Align cultural change with modern process simulation to support the circular economy

At my first job, I worked for an EPC company as a process engineer. Two activities as a young engineer come to my mind when I think about that time. First, “playing” with the process simulator, the most fun part for me. And second, filing paper documents in a cabinet. What a waste of time! But someone had to do it. The simulator was only available on a few computers, and I had to wait my turn to use it, which often meant working late. It doesn´t sound very productive now, but it was “the normal way” at that time. Lately, however, market dynamics and changes in the workplace demand a completely new approach for engineering and operations. We are moving further away from paper, and the required technology can be available for every worker at any time.

More than ever, the process simulator is a critical tool for the chemical industry. But we need to evolve the way we simulate and interact with other disciplines to provide fast and reliable answers. Today, the market demands innovation for sustainable processes and recyclable products. Environmental regulations are constantly being reviewed, requiring plants to monitor operations and adjust facilities for full compliance. Legacy tools are stuck in the “old normal”, preventing engineers from keeping up with changes to drive the circular economy.

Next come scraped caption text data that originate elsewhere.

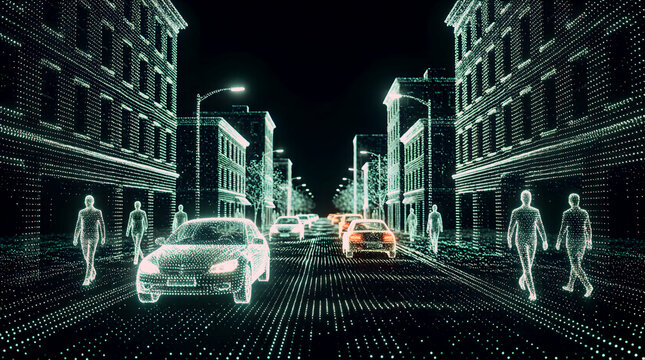 3D Point Cloud Visualization Generated by Autonomous Vehicle Sensors with Thousands of Luminous Dots Forming Ghostly Outline of Street Scene Including Buildings and Pedestrians
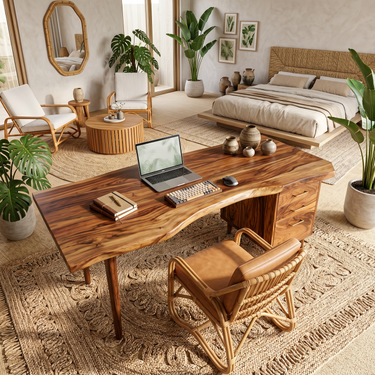 Urban Writing Desk With Drawer Storage For Apartment Office
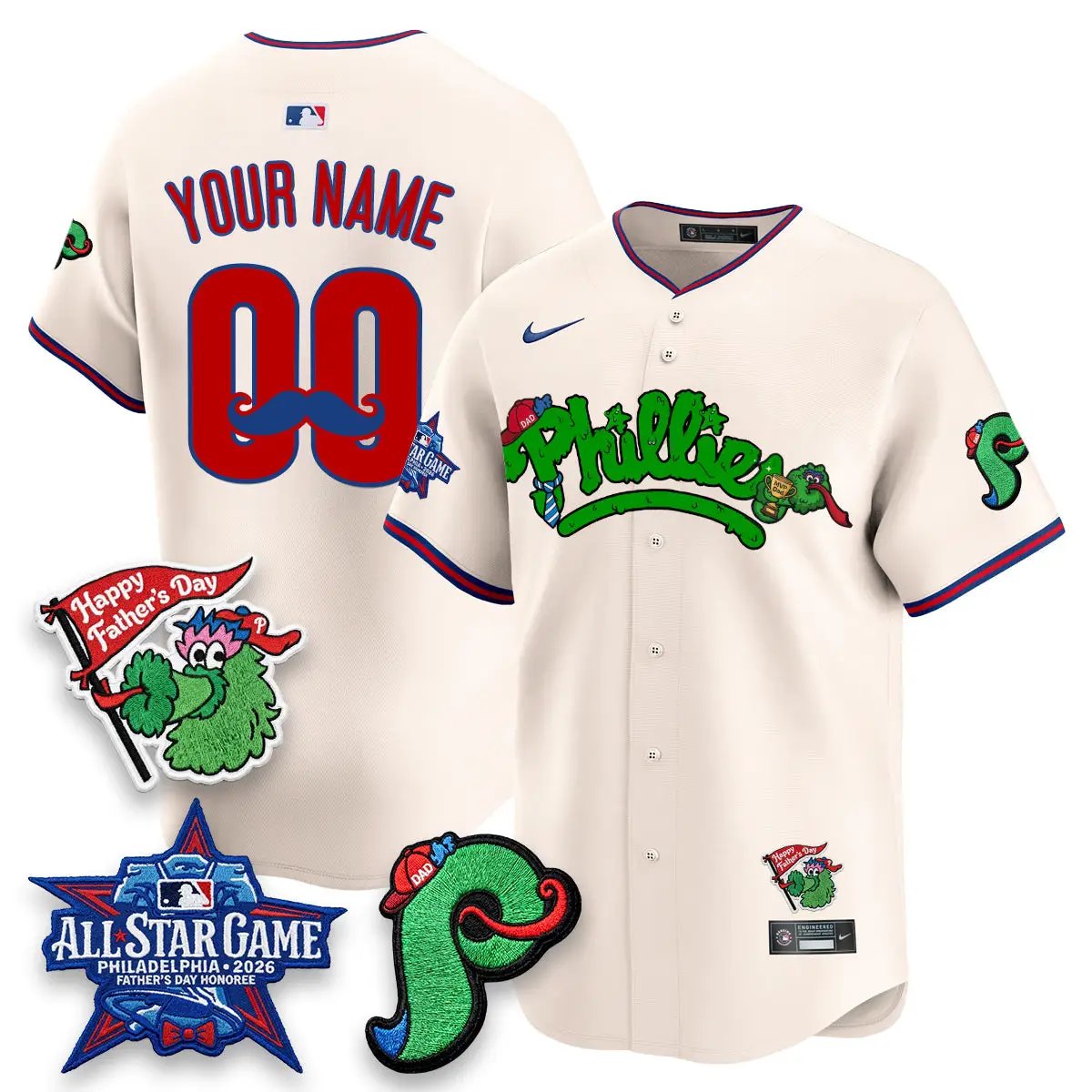 PHI Happy Father's Day Vapor Custom Jersey - Stitched by Philadelphia Phillies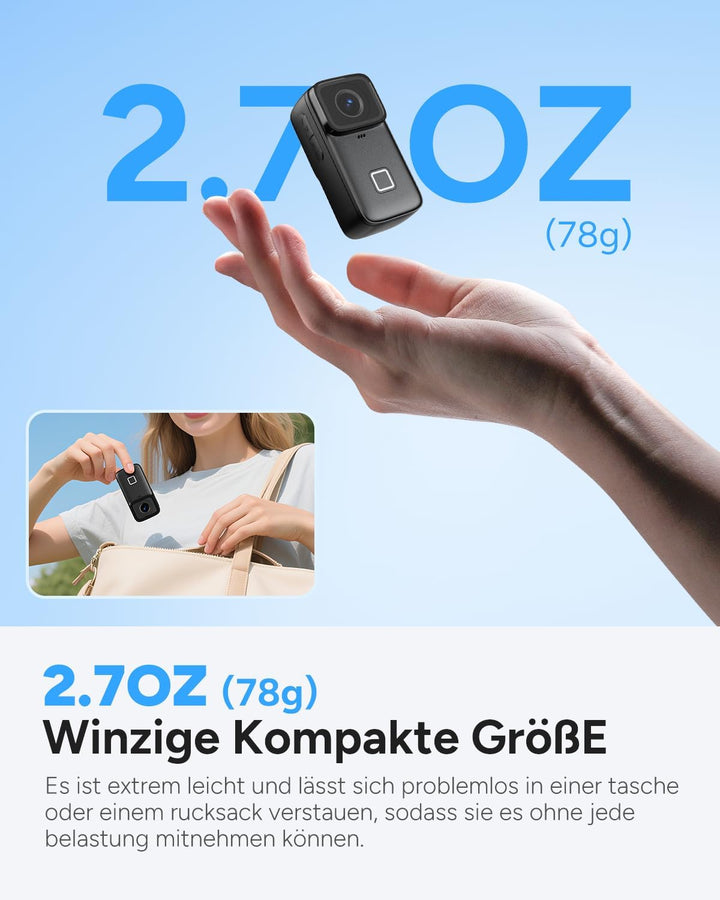 SJCAM C200 Pro Vlog Kamera 4K, Mini Unterwasserkamera, 135° Weitwinkel, 6-Achsen Bildstabilisation,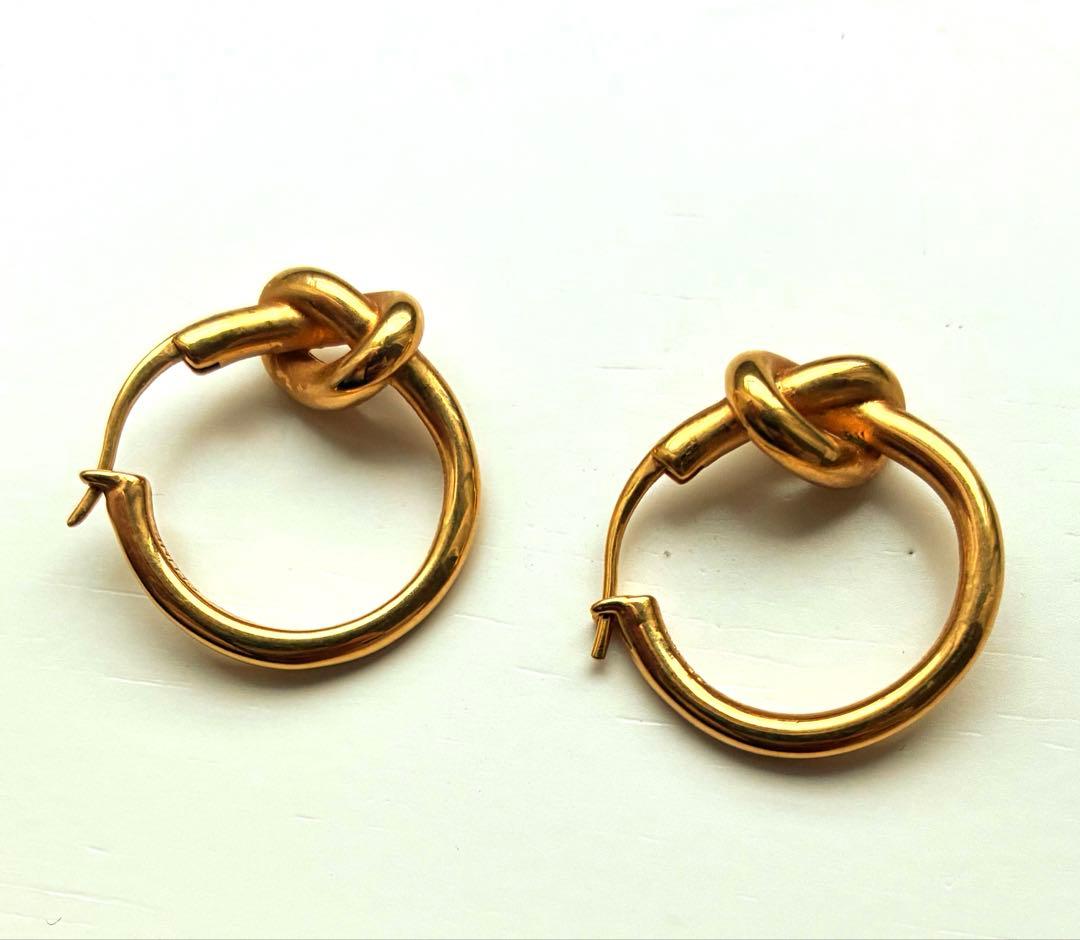 CELINE ノット スモールフープ ピアス ゴールド SCA1224 両耳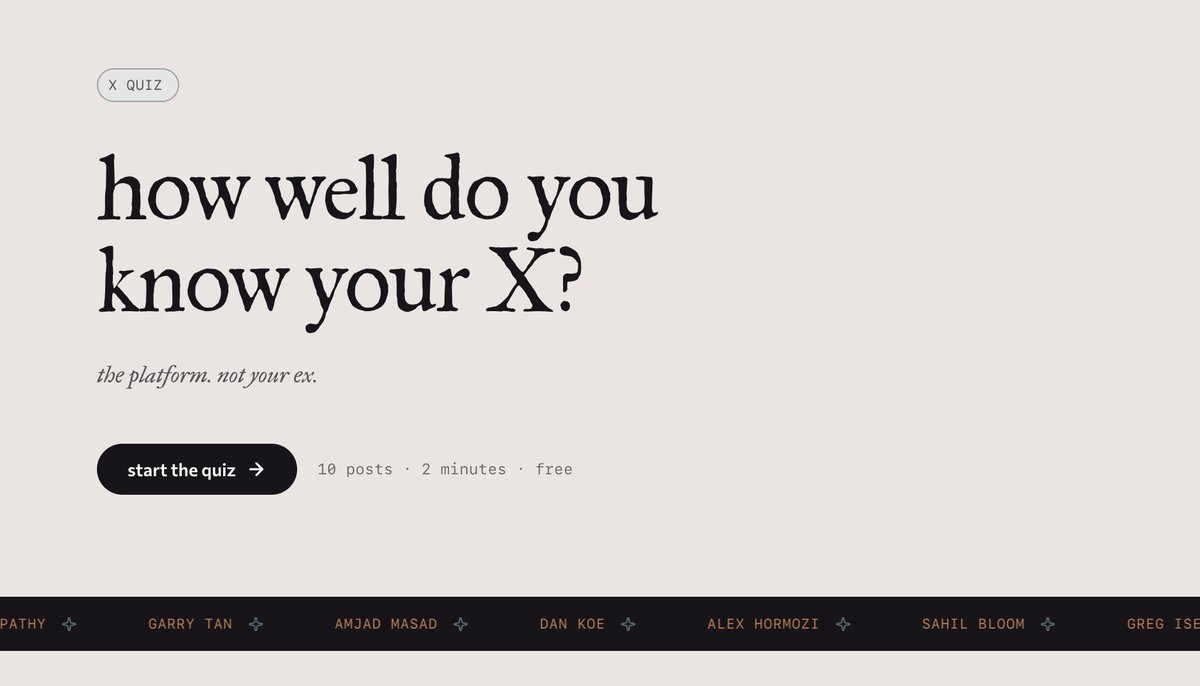 hot take: nobody on this app actually knows the people they follow.

they know the name. the reputation. the drama.
not the words.

we built a quiz to prove it. 10 real posts from the most followed people on X. blurred profile. no name.
take it → thine.com/quiz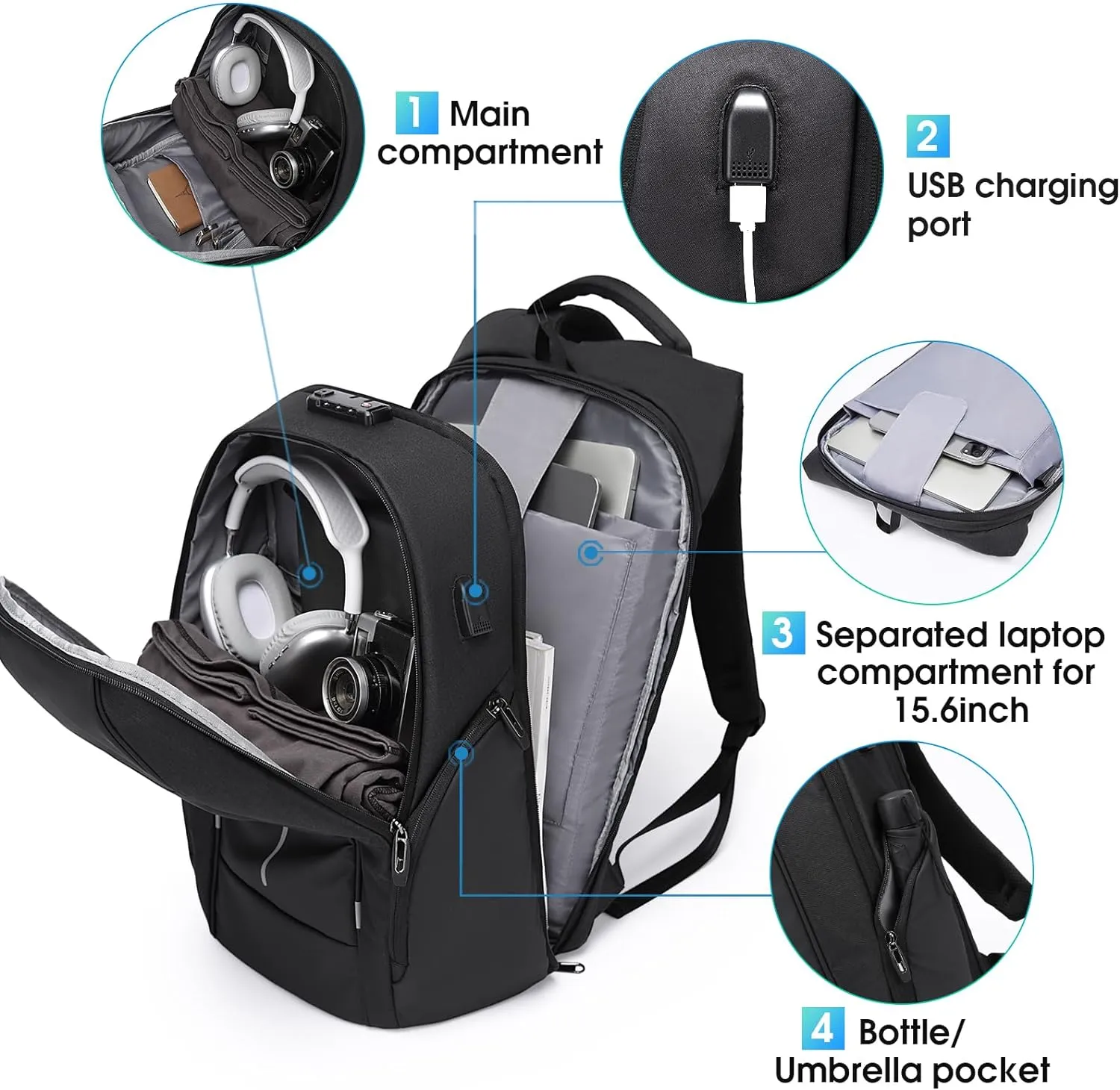 BANGE Lightweight Travel Backpack， Laptop Backpack for 15.6 Inch Notebook, Daily Fashion Work Backpacks for Men and Women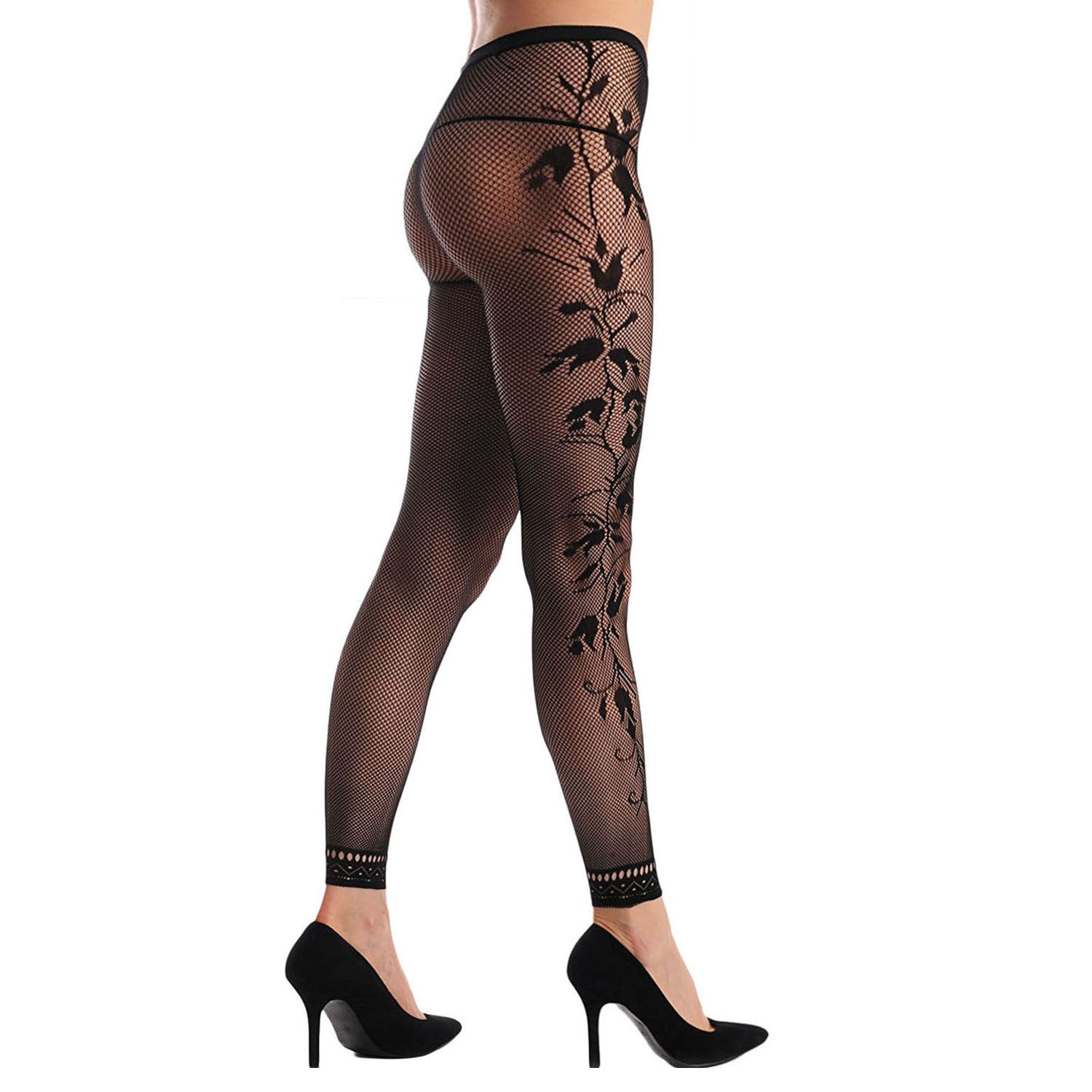 Black Fishnet Footless Tights with Flowers - Simply Joshimo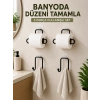 Mey İthalat® Banyo ve Mutfak İçin 4 Parça Set 2 Adet Kağıtlık 2 Adet Havlu Askısı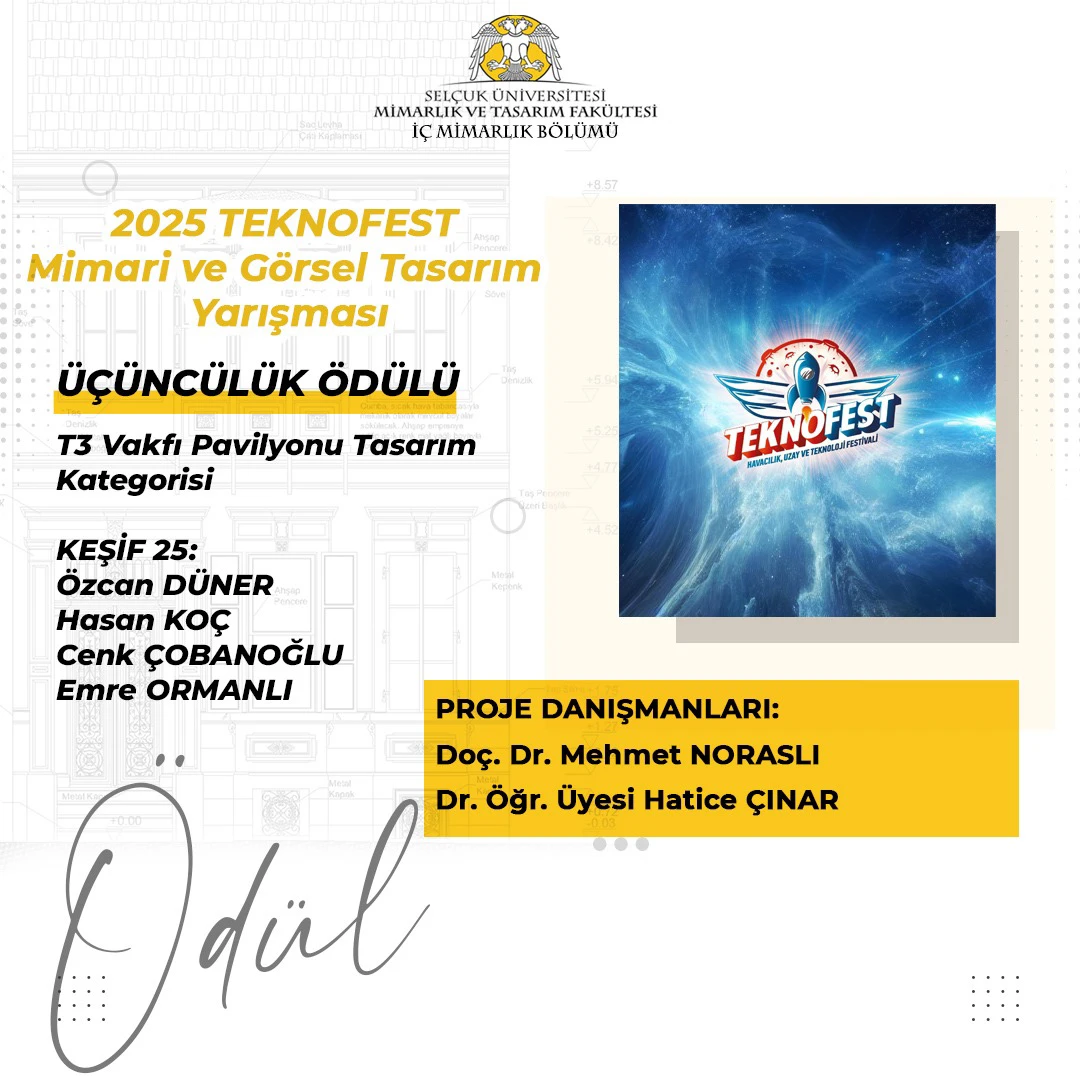 2025 Teknofest Mimari ve Görsel Tasarım Yarışması Üçüncülük Ödülü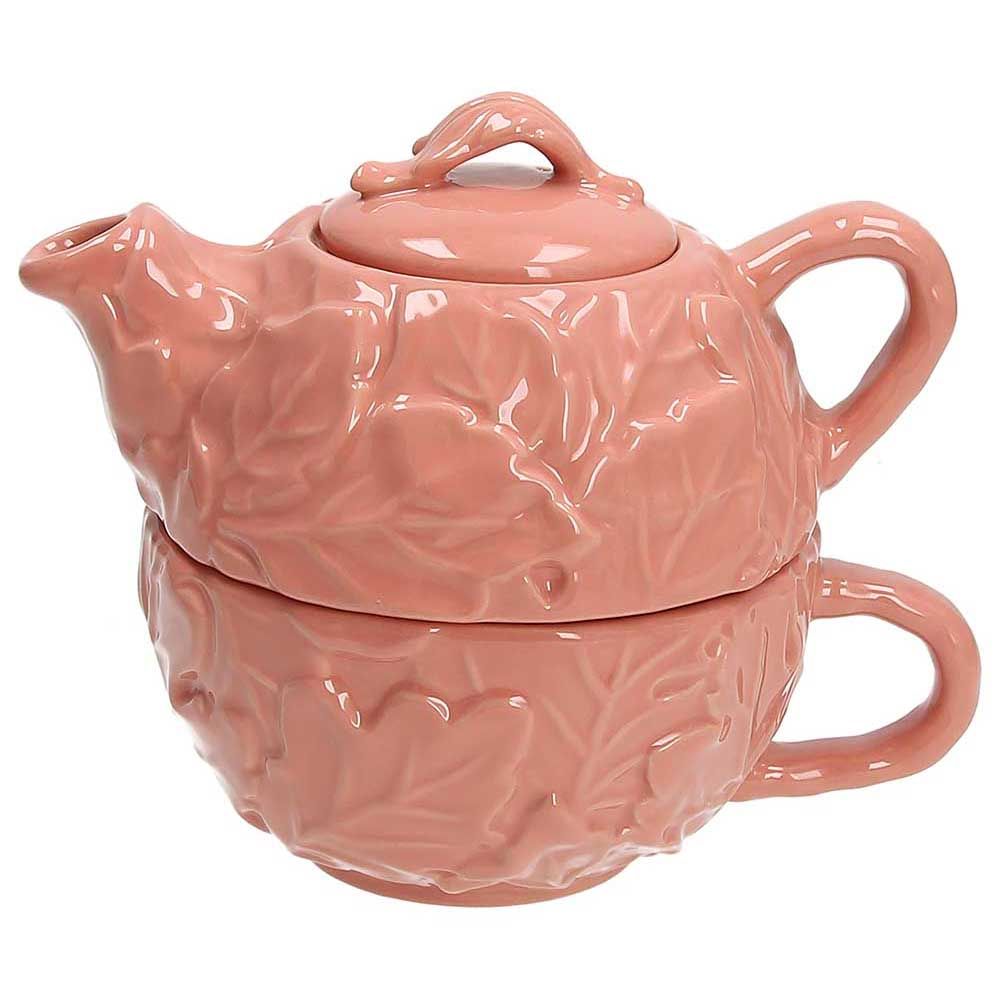 TEIERA CON TAZZA 'TEA FOR ONE' PESCA - STONEWARE - Andrea Fontebasso
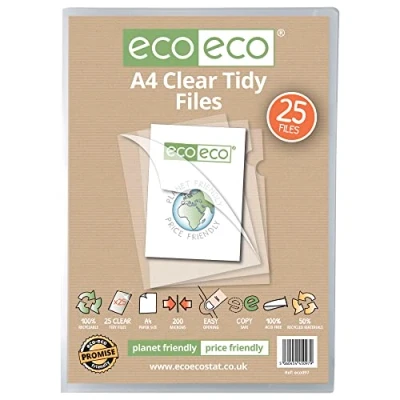 Image of eco A4 50% Recycled Bag 25 Tidy Report Files, 200 Micron Open Top &amp; Side Covers File Wallets Clear Cut Flush, eco097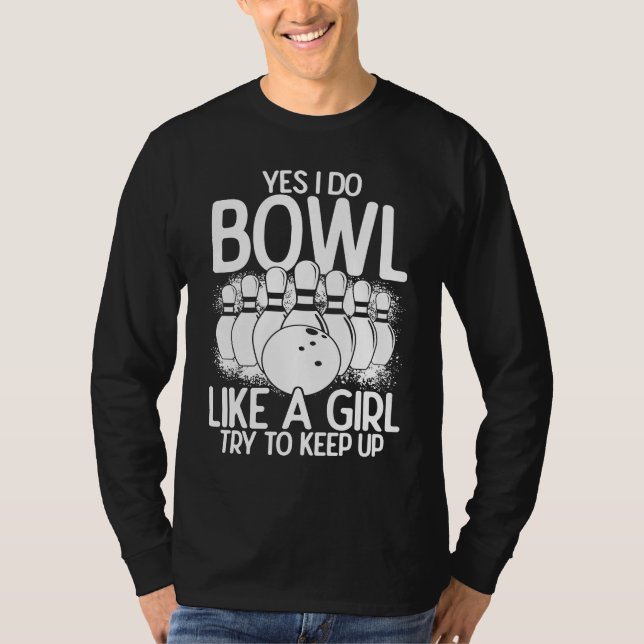 Bowling Girl Princess Pin Bowler Strike Bowling Te T Shirt (Framsida)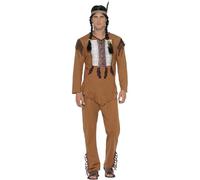 Smiffys Disfraz de guerrero inspirado por los americanos nativos, marrón, con chaleco, pantalones y cinta para la cabeza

On the other side, the workplace has changed too. The new generation of engineers brings different expectations for the work environment than my young self. They want to feel productive and execute meaningful work. At the same time, digital technology is affordable and has been proven to ensure higher levels of collaboration and agility so engineers can quickly respond to new market demands. To remain competitive and seek sustainable business, organizations need to take advantage of all that the digital world can offer and transform how work is done.


Process simulation is a crucial enabler of the transformation required to develop the circular economy. It´s the first step to engineer a new facility or modernize an existing asset, while it can also be used to optimize operations. A cloud-based process simulator combined with artificial intelligence (AI) and incorporated into the more extensive digital structure for engineering allows us to find the solution for problems that we could not handle before. When this digital transformation for engineering aligns with a new mindset for work, we can be more productive and more creative than ever. We can unlock the resources to pave the way and build a genuinely sustainable chemical industry.